言葉を挟まなくなる瞬間

      2016/05/27

僕の住む街は、東京の西、奥多摩の山並みが見える、公園と緑が多い住宅街です。都心から離れている為、土地が広々と使われていて、ゆったりとした気分で歩く事ができます。

もっと色んな角度から、この街の景色を見れる様になりたい。そんな事を考えながら、僕は街を歩いていました。でもそう思いながらも、特に何か新しい視点が出てくるわけでもなく、今日も代わり映えのない、いつもの景色が広がっていました。

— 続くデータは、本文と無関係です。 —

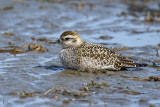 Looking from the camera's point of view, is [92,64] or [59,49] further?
[59,49]

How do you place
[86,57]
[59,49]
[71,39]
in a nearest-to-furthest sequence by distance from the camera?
[86,57] → [71,39] → [59,49]

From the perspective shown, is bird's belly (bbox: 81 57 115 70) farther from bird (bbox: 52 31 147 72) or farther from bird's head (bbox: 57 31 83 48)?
bird's head (bbox: 57 31 83 48)

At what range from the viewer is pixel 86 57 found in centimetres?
1088

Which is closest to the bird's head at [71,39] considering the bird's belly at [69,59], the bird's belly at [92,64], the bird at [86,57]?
the bird at [86,57]

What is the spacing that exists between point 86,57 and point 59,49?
3.52 metres

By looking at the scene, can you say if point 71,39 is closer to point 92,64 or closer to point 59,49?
point 92,64

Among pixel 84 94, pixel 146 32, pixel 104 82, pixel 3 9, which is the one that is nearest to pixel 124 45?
pixel 146 32

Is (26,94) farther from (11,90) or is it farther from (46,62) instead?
(46,62)

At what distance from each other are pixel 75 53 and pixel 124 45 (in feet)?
15.1

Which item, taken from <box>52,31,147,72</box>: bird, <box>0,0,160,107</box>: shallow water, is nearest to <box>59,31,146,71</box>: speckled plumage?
<box>52,31,147,72</box>: bird

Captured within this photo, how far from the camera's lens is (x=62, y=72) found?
11.0m

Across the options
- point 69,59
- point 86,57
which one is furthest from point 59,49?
point 86,57

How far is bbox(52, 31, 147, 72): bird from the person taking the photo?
428 inches

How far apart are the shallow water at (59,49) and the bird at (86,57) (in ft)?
0.69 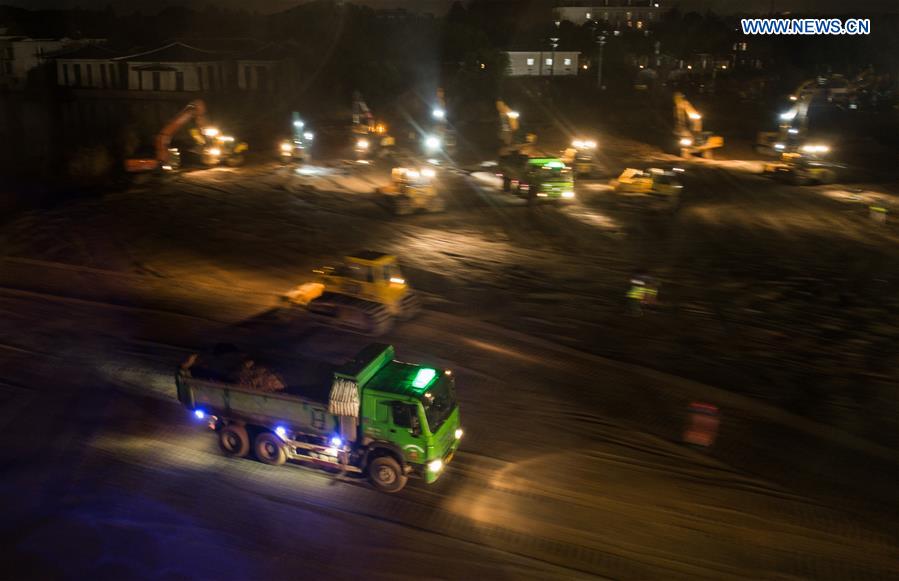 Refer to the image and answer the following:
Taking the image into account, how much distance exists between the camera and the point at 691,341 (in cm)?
1600

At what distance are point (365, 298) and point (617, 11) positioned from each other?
379ft

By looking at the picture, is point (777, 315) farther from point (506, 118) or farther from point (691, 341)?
point (506, 118)

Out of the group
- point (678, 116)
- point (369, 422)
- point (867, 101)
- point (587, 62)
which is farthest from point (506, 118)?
point (587, 62)

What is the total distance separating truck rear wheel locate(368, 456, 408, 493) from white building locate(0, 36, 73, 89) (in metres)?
78.8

強すぎず弱すぎずの、心地よい秋の日差しがふりそそぎ、朝の出勤時間帯の慌ただしさもひと段落した、のんびりしたお昼前の街でした。それはきっとものすごくありふれた、どこにでもある景色だと思います。

 

ただただ、街路樹の葉に太陽の光が透けていて、その葉が水の様に透明感のある緑を僕に見せてくれました。それが無性に綺麗で、思わず「あースゲー」って、口から言葉が漏れてしまいました。

 

その時には、
何か新しい角度からこの景色を見なければ、なんて考えていた事は、どこかへ無くなっていました。

 

その後も、雲が綺麗だったり、秋の空気の肌触りみたいな物が心地よかったりで、のんびりと楽しく帰ってくる事ができました。何か新しい角度からこの景色を見てみよう、そう頭の中で言葉にしながら、意識して歩いていた時とは、違った街の景色が見えた様に思いました。

 

物事って、考える(頭の中で言語化している)、
と感じる(頭の中で言語化していない)、

 

があって、前者であるうちは、まるでサイズの合わない他人の服を借りて着ている様な感じで、自分の物になっていない証拠なのか、と思いました。

 

言語化される事もなく、ただただ感じてしまう。
そんな瞬間に、新しい視点が出てくるのかもしれません。そんな事を感じた、秋の午前中でした。